School District Has New Business Administrator
Tuesday, January 22, 2013 • 12:37pm
PATERSON, NJ – Richard Kilpatrick once monitored the finances of the Paterson school district as part of his job with the New Jersey Department of Education.
Starting next week, Kilpatrick will be on Paterson Public Schools’ payroll as the district’s latest business administrator, a position that has been filled by a revolving door of five other people during the past two years.
The district is paying Kilpatrick $175,000, or $15,000 more than what Paterson’s last permanent school business administrator was making.

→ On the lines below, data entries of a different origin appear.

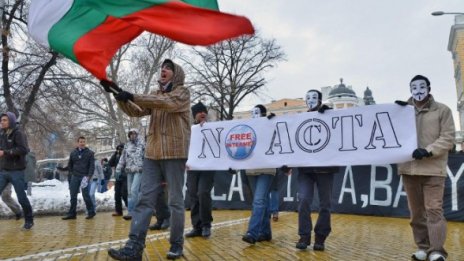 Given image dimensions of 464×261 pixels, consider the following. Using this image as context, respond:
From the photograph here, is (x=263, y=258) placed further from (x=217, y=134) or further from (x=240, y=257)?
Answer: (x=217, y=134)

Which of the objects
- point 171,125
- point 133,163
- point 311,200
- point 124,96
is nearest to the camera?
point 124,96

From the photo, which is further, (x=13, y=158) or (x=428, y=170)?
(x=13, y=158)

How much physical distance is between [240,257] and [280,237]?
1.83 m

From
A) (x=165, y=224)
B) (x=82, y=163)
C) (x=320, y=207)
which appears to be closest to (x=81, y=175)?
(x=82, y=163)

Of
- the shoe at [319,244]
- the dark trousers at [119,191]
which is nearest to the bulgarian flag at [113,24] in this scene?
the shoe at [319,244]

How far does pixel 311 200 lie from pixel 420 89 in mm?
1798

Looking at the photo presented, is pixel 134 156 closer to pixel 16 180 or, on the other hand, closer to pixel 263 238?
pixel 16 180

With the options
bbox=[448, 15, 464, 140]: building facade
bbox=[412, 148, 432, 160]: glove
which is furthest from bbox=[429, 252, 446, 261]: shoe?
bbox=[448, 15, 464, 140]: building facade

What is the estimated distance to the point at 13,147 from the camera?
26.3ft

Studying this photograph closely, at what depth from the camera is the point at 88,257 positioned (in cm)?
522

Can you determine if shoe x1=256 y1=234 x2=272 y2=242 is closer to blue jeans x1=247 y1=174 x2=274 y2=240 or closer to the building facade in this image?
blue jeans x1=247 y1=174 x2=274 y2=240

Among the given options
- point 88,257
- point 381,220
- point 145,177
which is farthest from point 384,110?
point 381,220

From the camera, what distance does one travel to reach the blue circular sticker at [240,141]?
695 centimetres

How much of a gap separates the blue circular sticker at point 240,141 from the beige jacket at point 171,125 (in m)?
1.92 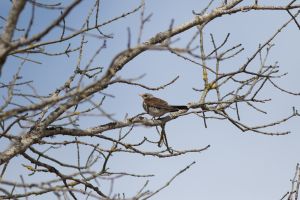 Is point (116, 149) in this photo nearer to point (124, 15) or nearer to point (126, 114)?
point (126, 114)

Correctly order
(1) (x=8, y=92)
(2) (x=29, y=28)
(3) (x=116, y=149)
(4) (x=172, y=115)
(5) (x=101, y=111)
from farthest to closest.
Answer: (4) (x=172, y=115), (3) (x=116, y=149), (1) (x=8, y=92), (5) (x=101, y=111), (2) (x=29, y=28)

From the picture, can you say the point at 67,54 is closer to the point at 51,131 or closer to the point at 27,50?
the point at 27,50

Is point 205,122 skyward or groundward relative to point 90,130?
skyward

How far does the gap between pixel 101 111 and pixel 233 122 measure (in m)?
3.01

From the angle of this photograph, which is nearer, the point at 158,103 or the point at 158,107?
the point at 158,107

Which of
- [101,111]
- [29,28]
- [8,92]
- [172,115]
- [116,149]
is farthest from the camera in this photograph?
[172,115]

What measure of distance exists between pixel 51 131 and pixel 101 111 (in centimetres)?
205

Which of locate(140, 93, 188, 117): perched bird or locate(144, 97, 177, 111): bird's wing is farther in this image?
locate(144, 97, 177, 111): bird's wing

In coming to Paterson, Kilpatrick is leaving his $110,000 job as school business administrator in Jamesburg, a position he took in May 2012, according to a story by The Sentinel.
“Richard comes to Paterson with a wealth of knowledge and experience as an auditor and business administrator in this state, and for having worked in the private sector in this region,’’ said Paterson’s state-appointed superintendent, Donnie Evans, in a written statement. “His previous experience in Paterson made him a unique candidate because he is acutely aware of the DOE’s expectations for a state operated district.’’
“Further, during his time here, he developed strong, positive relationships with the district staff,’’ continued Evans’ statement. “Richard’s demonstrated competence and leadership skills are important for a district of our size; and we are extremely pleased to have him joining us to help us maintain stability in our fiscal operations.’’
Paterson Public Schools has a budget of about $550 million and in recent years the district has relied on tapping into its surplus accounts to balance the budget. Officials have warned that the district faces an impending budget problem in upcoming years because of that practice.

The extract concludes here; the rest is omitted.